Una mirada a Elise. No, no estaba diciéndolo por cumplir, estaba pensando, tras analizarla rápidamente, cuáles sean sus posibilidades si viajaba a Séte para visitarlos. Había hombres que solo perseguían a mujeres casadas. Elise tenía amigas que se habían encontrado con ellos y se habían sentido tentadas o, al menos, eso era lo único que reconocían. Al parecer, algunos maridos miraban a otro lado. ¿Se imaginaba herr Rahn que ese era el caso?

Miró a su marido. A veces era vigilante y protector con ella cuando resultaba obvio el interés de otro hombre, pero no aquella noche. Herr Rahn lo emocionaba demasiado para dejar que algo tan nimio como los celos disminuyesen su entusiasmo.

El tema de la política no surgió hasta la segunda ronda de bebidas. Bachman mencionó que vivían en Berlín, pero que habían decidido pasar los veranos fuera de la ciudad por culpa de los problemas.

—¿Tan mala es la situación? —preguntó Rahn, con preocupación genuina.

—¿Ha estado usted en Berlín en los últimos años, herr Rahn? —le preguntó Bachman.

—Me temo que han pasado bastantes años desde la última vez, aunque estudié allí la carrera. Siempre he adorado esa ciudad y odiaría verla hecha pedazos.

—Usted y cualquier alemán de bien. Y todo por culpa de los comunistas. Están decididos a arruinarlo todo.

Bachman odiaba a los comunistas, aunque solo un poco más de lo que odiaba al Gobierno. Hacía una docena de años, él era un aristócrata. Al arrebatarle el título el decreto parlamentario de 1919, fingió no darle importancia, pero la herida era profunda y, cuando descubrió que otros como él se habían unido a los nazis, él también lo hizo. Con toda una fortuna a su disposición, el círculo interno del partido lo había recibido con los brazos abiertos, por supuesto, y ese fue el único empuje que Bachman necesitó para convertirse en un defensor apasionado de la causa.
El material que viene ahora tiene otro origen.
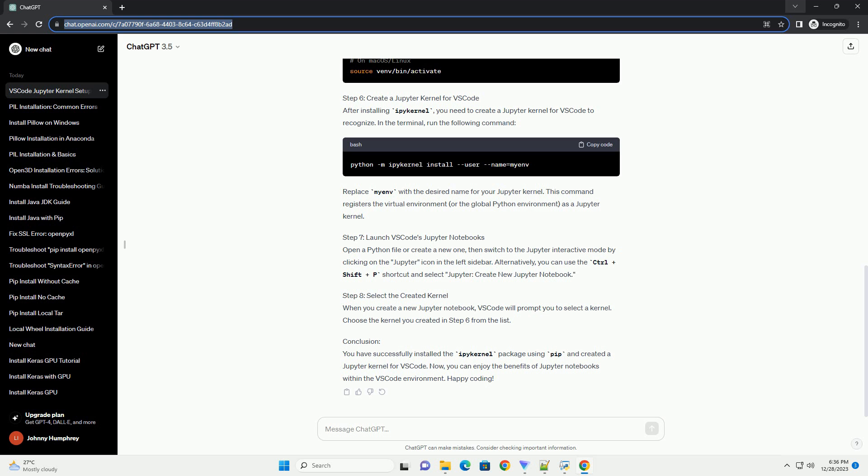Conclusion. You have successfully installed the IPI kernel package using PIP and created a Jupyter kernel for VS Code. Now, you can enjoy the benefits of Jupyter notebooks within the VS Code environment. Happy coding!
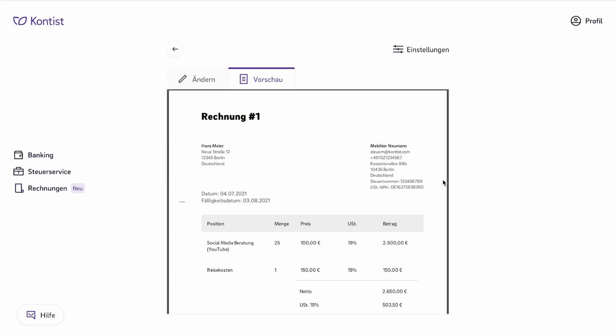Because if you were to start with invoice number 1, for example, and then the next number would be 5, then should you be audited by the tax office, they might wonder where are invoices number 2, 3, and 4. And then, under certain circumstances, the tax office will start to estimate that you had more income and you'll have to pay a lot more taxes, even if these invoices never existed. To avoid this, you should always use a consecutive invoice number.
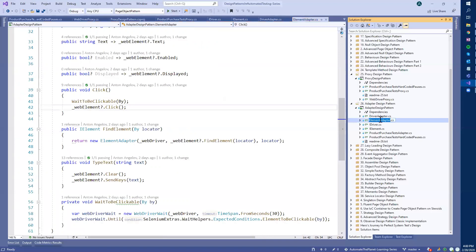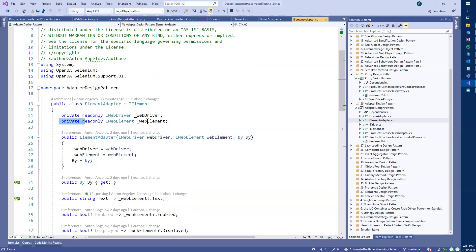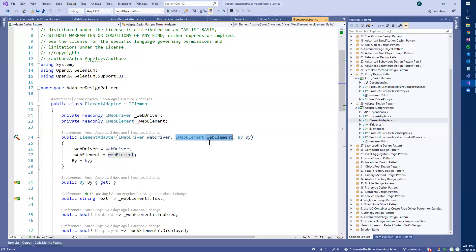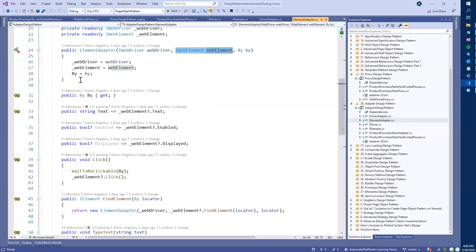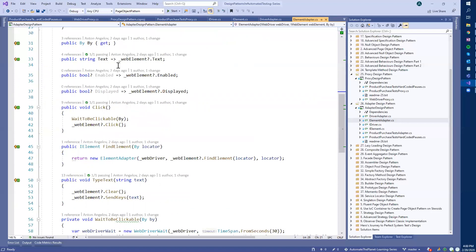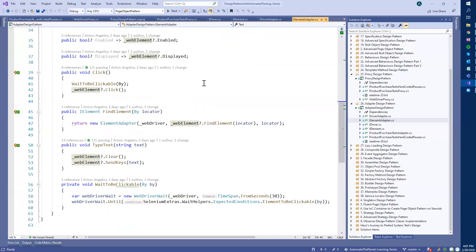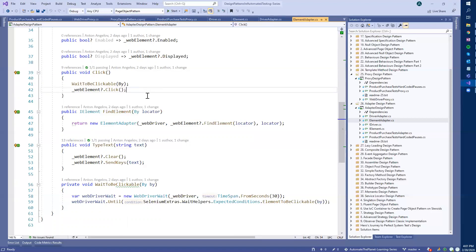Here is the element adapter implementation. We hold the wrapped element as a private read-only variable and pass the actual found element to the constructor. We also initialize how the element was found. In most cases we just call directly the actual found element's properties or methods. For the click, we add a wait-to-be-clickable check — before clicking we wait for the element to be in a clickable state, because sometimes the element is present but not yet clickable. For type-text the code is much more readable: you just call type-text and it performs the clear and then the send-keys internally.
Elise había visto cómo muchas noches agradables como aquella derivaban en una violenta discusión por culpa de un comentario desafortunado contra los nazis o contra los comunistas. Como Bachman había sacado el tema con la intención de evaluar a herr Rahn, Elise contuvo el aliento.

La conversación parecía incomodar al joven, seguramente sería un comunista. Los tacones gastados de sus zapatos y el cuello deshilachado indicaban, al menos, que era lo bastante pobre para serlo. ¿Y por qué no? En aquellos tiempos todo el mundo tenía una opinión sobre la política, cuanto más radical, mejor. ¡Estaba claro que las medias tintas no habían solucionado nada!

—Bueno, por supuesto —intervino herr Rahn—, algo tiene que cambiar. Todo el mundo lo cree, salvo los sinvergüenzas que ostentan el poder. Sin embargo, hasta que cambie, prefiero no estar en medio.

—Alemania se encuentra en una encrucijada —le dijo Bachman—. ¡Los que se hacen a un lado ahora se quedarán atrás cuando las cosas tomen un nuevo rumbo! Un hombre joven como usted debería tenerlo muy en cuenta.

Antes de que Bachman pudiese entrar de lleno en una arenga colérica, Elise le tocó el brazo.

—Ya tendremos política de sobra en Berlín, querido —le dijo—. Quiero que herr Rahn nos hable sobre el oro de los cataros que ha encontrado.

—No sabía que lo estuviese buscando —respondió Rahn. Sonrió, desconcertado, preguntándose cuál sería la fuente de la confusión.